Samsung deciding to zig when Apple (AAPL) zags and retain the familiar 3.5mm headphone jack was no surprise, and neither was the persistence of that 1960s-vintage audio output in cheaper smartphones. But the choices of some mid-tier mobile manufacturers to move to USB-C and wireless connections—in some cases, only on their most expensive models—is a little harder to grasp..

Team headphone jack

Samsung’s Sunday-evening launch of its new Galaxy S9, $719, and S9 Plus, $839, featured multiple jabs at Apple, but none of it was fairer than its needling of its rival for removing the headphone jack from the iPhone 7 and subsequent models.

Apple’s action inconvenienced customers without providing them any increase in audio quality.

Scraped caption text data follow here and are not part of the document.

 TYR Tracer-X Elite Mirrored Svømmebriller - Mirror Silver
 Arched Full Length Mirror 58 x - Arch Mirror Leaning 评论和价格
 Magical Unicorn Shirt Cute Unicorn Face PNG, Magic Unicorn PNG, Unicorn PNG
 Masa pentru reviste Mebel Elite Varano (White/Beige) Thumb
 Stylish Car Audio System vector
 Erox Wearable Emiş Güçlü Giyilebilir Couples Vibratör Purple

Yes, Apple’s wireless AirPods are marvels of design—but they also cost $170 and become yet another item you need to recharge.

(The subsequent move by Google (GOOG, GOOGL) to jettison the headphone jack from its Pixel 2 phones was even more foolish, given that Google’s wireless Pixel Buds aren’t that great. But almost nobody has bought a Pixel 2, so it would have arguably been mean for Samsung to swat at that.)

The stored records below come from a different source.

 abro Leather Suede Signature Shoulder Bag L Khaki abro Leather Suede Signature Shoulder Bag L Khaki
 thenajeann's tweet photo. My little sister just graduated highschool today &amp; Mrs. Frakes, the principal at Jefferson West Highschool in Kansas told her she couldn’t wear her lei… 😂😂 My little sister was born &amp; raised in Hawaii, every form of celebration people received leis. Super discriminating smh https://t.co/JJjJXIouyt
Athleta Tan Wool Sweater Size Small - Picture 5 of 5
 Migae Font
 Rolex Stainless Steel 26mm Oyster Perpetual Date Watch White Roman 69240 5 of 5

Samsung has done customers a favor in resisting “Apple does it, so it must be right” logic. So have such smaller vendors as Alcatel and ZTE, whose own MWC debuts have included that same analog connector.

But those firms also face an economic incentive to stick with tradition: Their phones generally sell for much less than those of a Samsung, an Apple or a Google. It would be marketing malpractice to ship a model optimized for USB-C or wireless headphones that cost considerably more than the wired sort.

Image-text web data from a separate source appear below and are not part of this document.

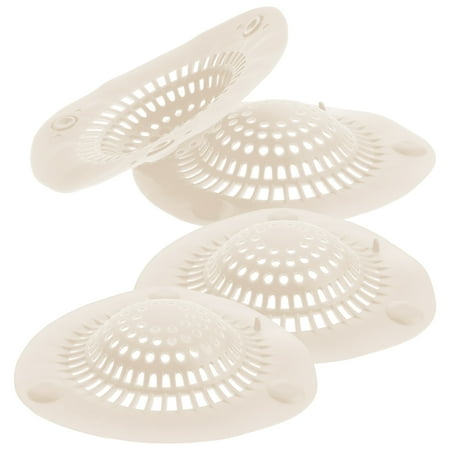

4pcs Bathroom Floor Drain Filters Silicone Suction Cup Kitchen Sink Strainer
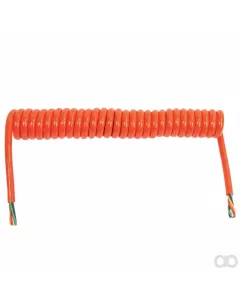 Prillinger - 00131773 - Spiral Cable 7-Pole, Length 2.1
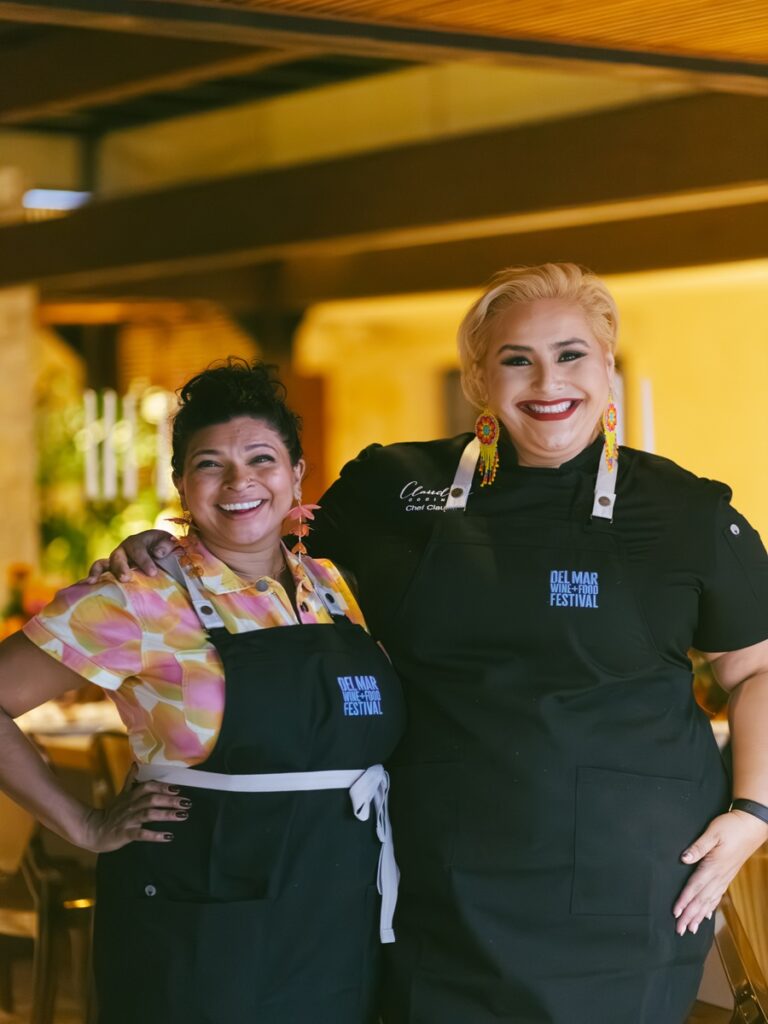 Aarti Sequeira, Claudia Sandoval at Del Mar Wine + Food Festival.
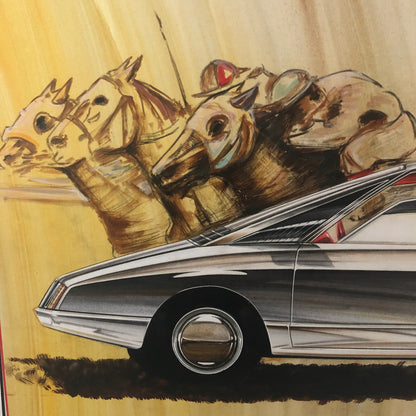 Vintage Concept Car Styling Design Art Illustration Volkswagen VW Horses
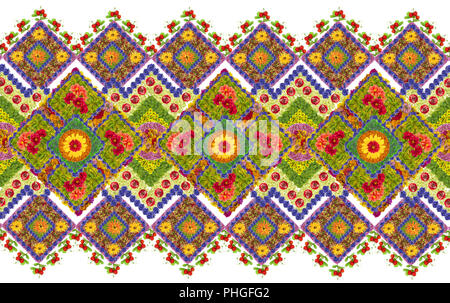 National pattern for the Ukrainian shirt Stock Photo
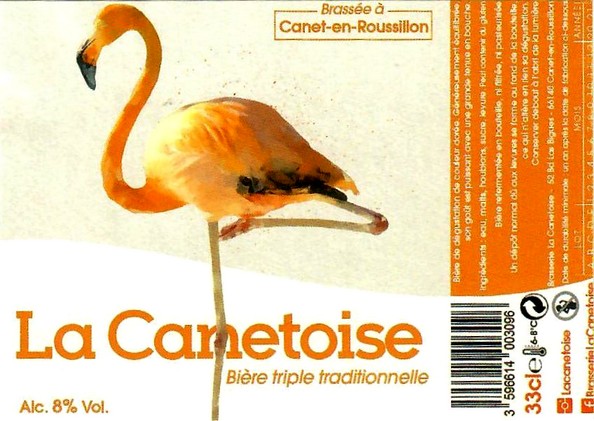 etiquette BRASSERIE LA CANETOISE 10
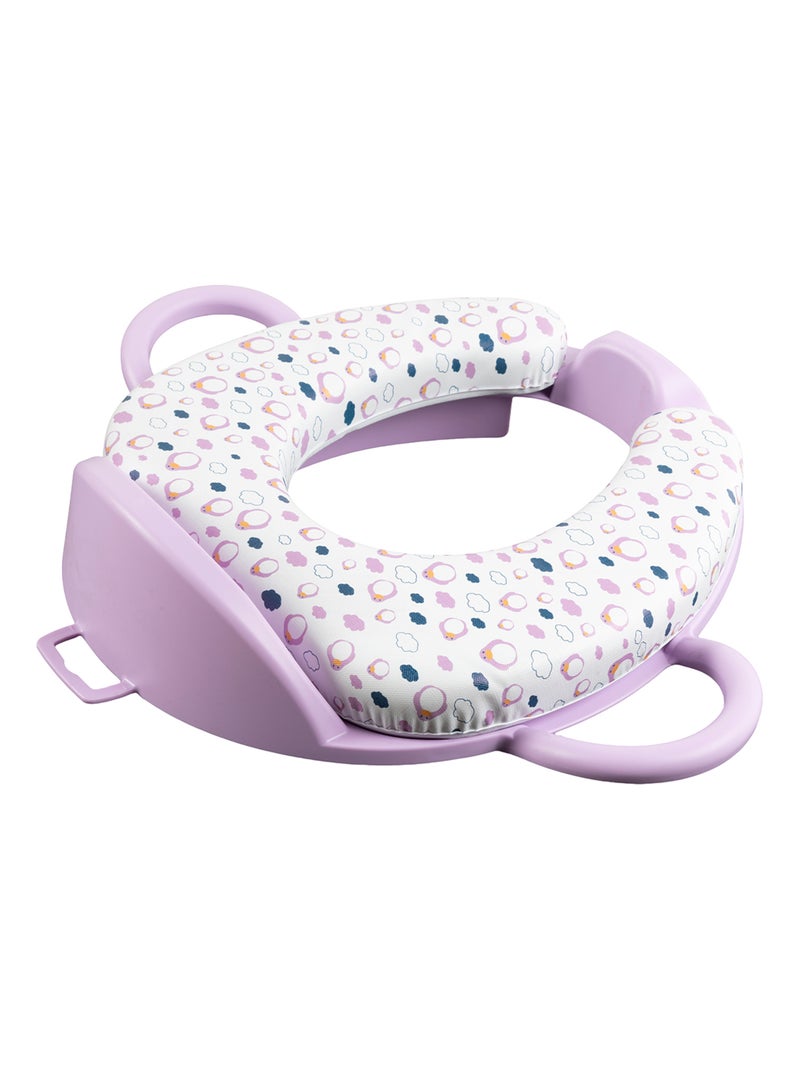 Réducteur de toilette avec poignées pour enfant - Poupy Mauve lilas - Kiabi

If you’re buying a more expensive smartphone, you might also have to shell out for wireless headphones.
If you’re buying a more expensive smartphone, you might also have to shell out for wireless headphones.

Sony and HTC: Hit the road, jack

At last year’s MWC, HTC was the sole major Android vendor to drop the headphone jack. Despite HTC’s failure to advance in the market since then with the equally jack-deprived U11 series of smartphones, it now has company in that decision: Sony.

The Japanese electronics firm introduced two new Android phones, the XZ2 and XZ2 Compact, that each feature only a USB-C connector on the bottom. Sony would prefer that you buy either one of its USB-C headphones or its new, AirPod-esque Xperia Ear Duo wireless headphones.

(Sony hasn’t announced prices on any of this hardware.)

“It’s about wanting to sell something else” said Creative Strategies analyst Carolina Milanesi. “Sony is in the headset business and has been in it for a long time.”